Learning From Broken Unit Tests

Last updated: May 17 2005

sven.gorts@refactoring.be

Abstract: When multiple tests break due to a small change those tests can learn us a lot about the code. In this article we take a closer look at how we can use the implicit knowledge carried by the tests to our advantage.

Introduction

Every day we see more teams adopt unit testing or shift to test-driven-development. For both styles, the general rule of thumb is that the suite of tests should pass all of the time. And this, for really good reason. Not only do the tests tell us when we're done developing a new feature, the suite of tests also acts as a safeguard for regressions.

In software development project requirements can change. Being agile developers we 're generally comfortable with changing requirements, even late in development.
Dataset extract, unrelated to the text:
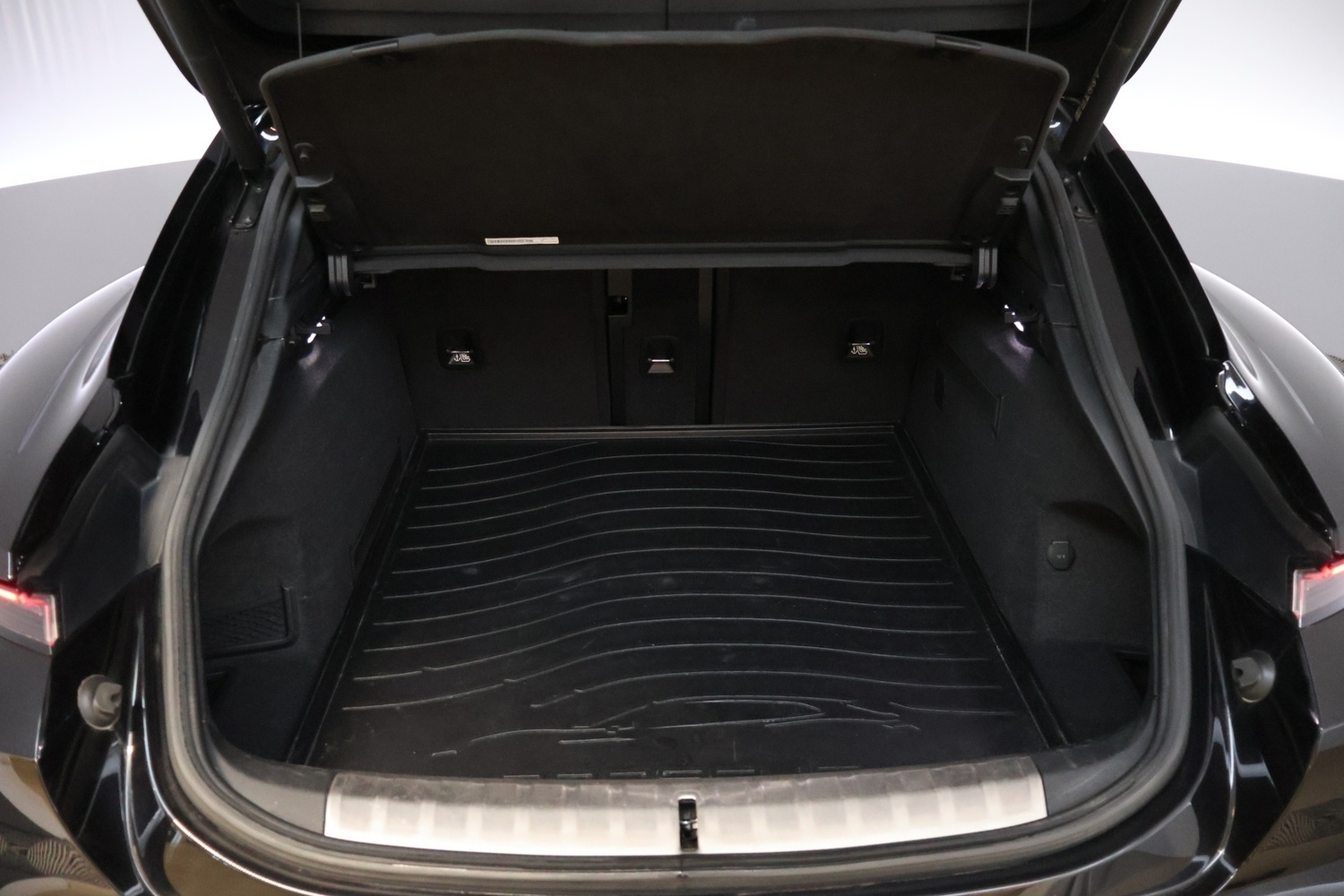 Porsche Taycan vaihtoauto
However not all changes are of equal difficulty. Sometimes a change request entirely misfits the existing design. When that happens, we know quickly. Trying to implement the change, breaks tests. Not just a few tests, a lot of tests.

The difficulty in such situations is that our proven techniques such as: undo the last change and take smaller steps; start with a simpler version; look for an alternative route, may not work as well as we're used to. At least the tests can tell us what we broke, and provide guidance while working out a solution.

Embedded Knowledge

Whether refactoring or implementing a new feature, if changing a handful lines of code results in many broken tests there's a lot these tests can learn us. After all each test fails for a reason. Combined together the tests can help us pinpoint the actual problem. The most common things we can learn from broken unit tests are:

Duplication In Test Code

Dealing with numerous failing tests one of the first things to check for is whether they all fail at similar asserts. When this is the case, it's usually a test smell, hinting at duplication in the test code. Before proceeding we better invest some time cleaning up the testsuite so the number of failing tests is reduced.

Package Dependencies

When running the testsuite signals problems in various packages, the tests are telling us something about the dependencies between the different layers in our code. Seemingly unrelated tests that suddenly break after changing a little code indicates some unrecognized coupling between the code or its tests. In such cases we may want to find out exactly why those tests fail and whether that makes sense.

Hidden Assumptions

Even while writing unit tests a lot of hidden assumption are made. We may not even be aware of these assumptions, untill our first attempt to change them. The many tests that break may then point us to hidden domain assumption that we, unknowingly have implicit hardcoded into the tests.

Difficulty Estimate

Even when broken tests do not directly point us at a problem, they can still be helpful. Often their number gives a good first indication of the difficulty to implement a certain change. Their number also informs us about the risk we take should we decide to push onward with broken tests. When the amount of broken tests is really huge, we're touching core functionality. Better be extra careful with that.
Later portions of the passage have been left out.